Panto! is a 2012 one-off Christmas special, made by Baby Cow Productions and broadcast by ITV on Thursday 27 December 2012.
The special centres on Lewis Loud, a local Morecambe disk jockey in his stage debut of Dick Whittington 
at the Grand Theatre, Lancaster as Jack the Lad.

Plot 
Lewis Loud (John Bishop) is doing his early morning radio show at Morecambe FM  with his less than impressed producer Deborah (Lisa Jackson) at his side. 

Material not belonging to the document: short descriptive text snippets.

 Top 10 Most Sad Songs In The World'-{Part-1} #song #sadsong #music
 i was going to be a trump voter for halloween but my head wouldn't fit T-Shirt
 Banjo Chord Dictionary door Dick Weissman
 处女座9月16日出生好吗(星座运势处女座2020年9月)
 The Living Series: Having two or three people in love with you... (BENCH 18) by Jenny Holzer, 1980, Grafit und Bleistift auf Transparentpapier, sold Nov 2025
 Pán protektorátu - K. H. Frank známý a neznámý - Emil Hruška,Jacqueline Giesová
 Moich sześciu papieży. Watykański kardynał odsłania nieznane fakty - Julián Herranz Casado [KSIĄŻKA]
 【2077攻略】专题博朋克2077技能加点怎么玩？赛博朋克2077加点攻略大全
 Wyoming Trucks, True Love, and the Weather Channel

After the show, Lewis heads to rehearsals for his first ever pantomime Dick Whittington where a romance between him and Dick, Tamsin (Sheridan Smith)  has been blossoming. Tamsin is also known as 'Mad Mindy, The Axe Murderer' from the nation's favourite soap. A full dress-rehearsal has been called for the show   by Producer Di (Samantha Spiro) as tensions begin to build. Di's nervous daughter Chantelle (Ami Metcalf) stars as the obvious miscast love interest of Dick while Director Francis (Mark Benton) tries hard to pull the show together while Di keeps interfering with his decisions. Johnny Darby (Michael Cochrane) a famous Channel 5 star goes into drag while accident prone Chesney Hawkes tries to make the show. While all this is happening, Lewis' son Paul (played by Bishop's real-life son Daniel) is dropped off with him while Lewis' ex-wife Gina (Kaye Wragg) and her new boyfriend Tony (Trevor Dwyer-Lynch) go on an exotic holiday that they won by creating a jingle for a toilet company. 

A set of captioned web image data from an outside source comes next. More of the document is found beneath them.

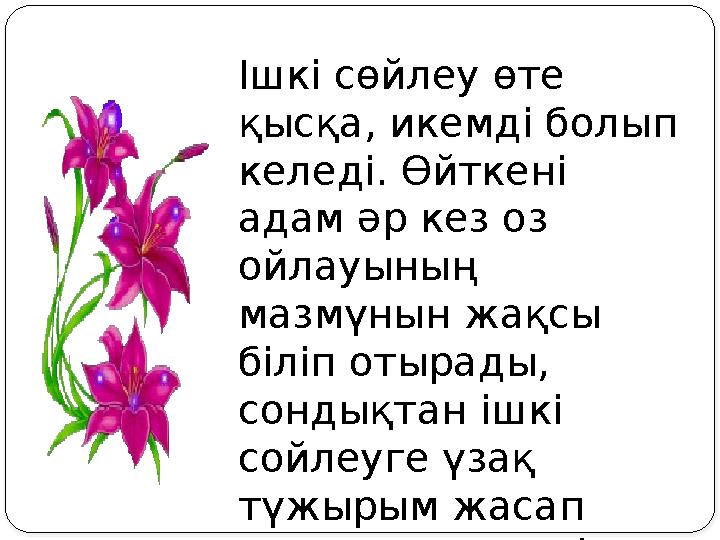 Ішкі сөйлеу өте қысқа, икемді болып келеді. Өйткені адам әр кез оз ойлауының мазмүнын жақсы біліп отырады, сондықтан ішкі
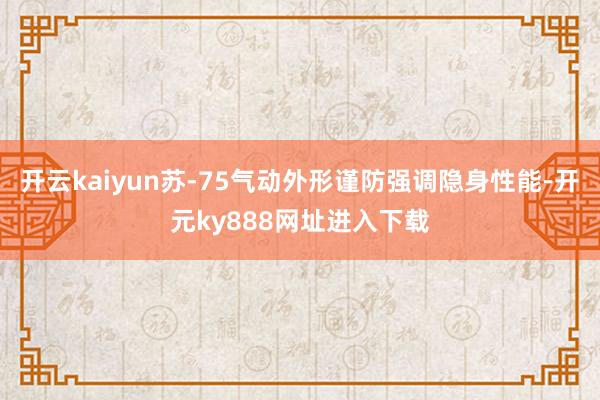 开云kaiyun苏-75气动外形谨防强调隐身性能-开元ky888网址进入下载
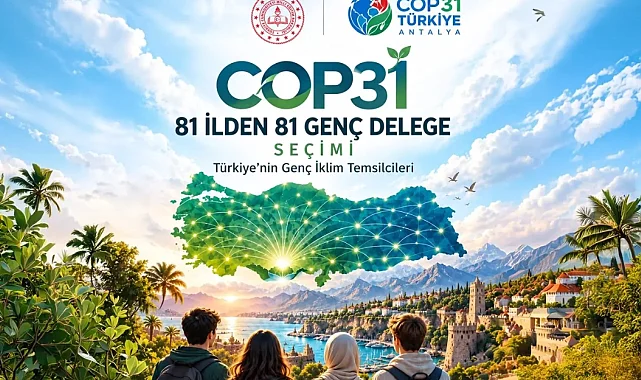 COP31 için 81 ilden 81 genç delege belirlenecek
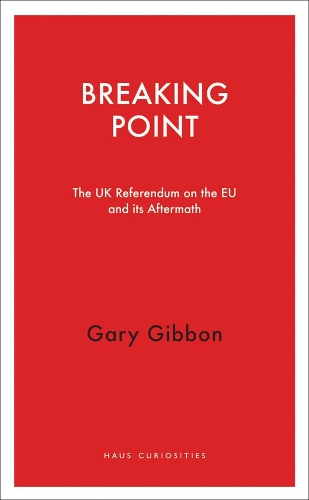 Бумажная книга «Breaking Point: The UK Referendum on the EU and Its Aftermath», автор Гэри Гиббон - фото №1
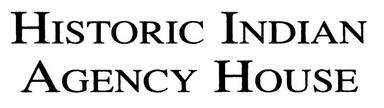Historic Indian Agency House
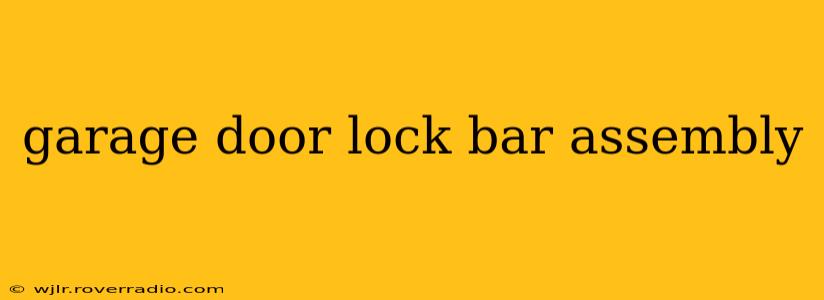 garage door lock bar assembly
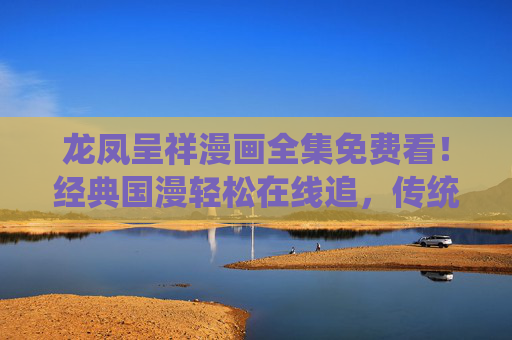 龙凤呈祥漫画全集免费看!经典国漫轻松在线追,传统文化魅力尽在其中,龙凤呈祥漫画全集免费看,经典国漫在线追,传统文化魅力尽在其中 龙凤呈祥漫画全集免费看!经典国漫轻松在线追,传统文化魅力尽在其中,龙凤呈祥漫画全集免费看,经典国漫在线追,传统文化魅力尽在其中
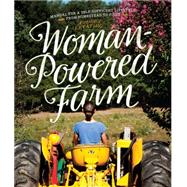Woman-Powered Farm Manual for a Self-Sufficient Lifestyle from Homestead to Field by Levatino, Audrey; Levatino, Michael, 9781581572414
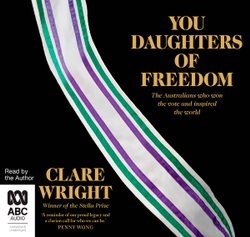 You Daughters of Freedom: The Australians Who Won the Vote and Inspired the World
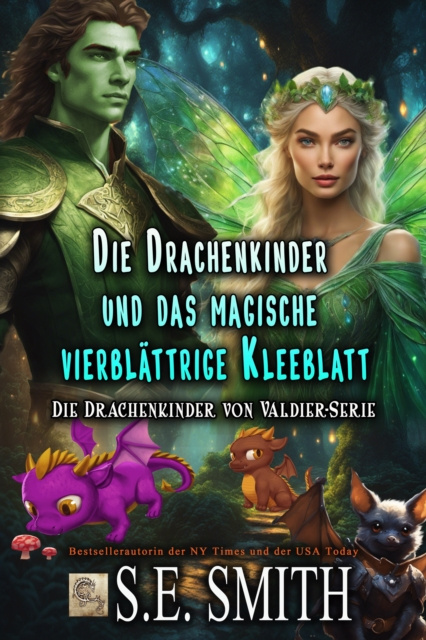E-book Die Drachenkinder und das magische vierblättrige Kleeblatt S.E. Smith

Tamsin gets offered by her agent Jerry (Kenneth Cranham) to go on Celebrity Sleigh Ride, a new reality show which sees celebrities battling to the North Pole with a vote-off day to day. Tamsin takes the offer with her agent also offering Lewis to go but he declines to face his responsibility with Paul. The cast is then reformed to match the show with Paul playing the cat and Greg Chip (Dean Whatton) the original cat playing Dick. Gina dumps Tony to be on her own after coming back from the airport after their flights were cancelled as the toilet company went bust. 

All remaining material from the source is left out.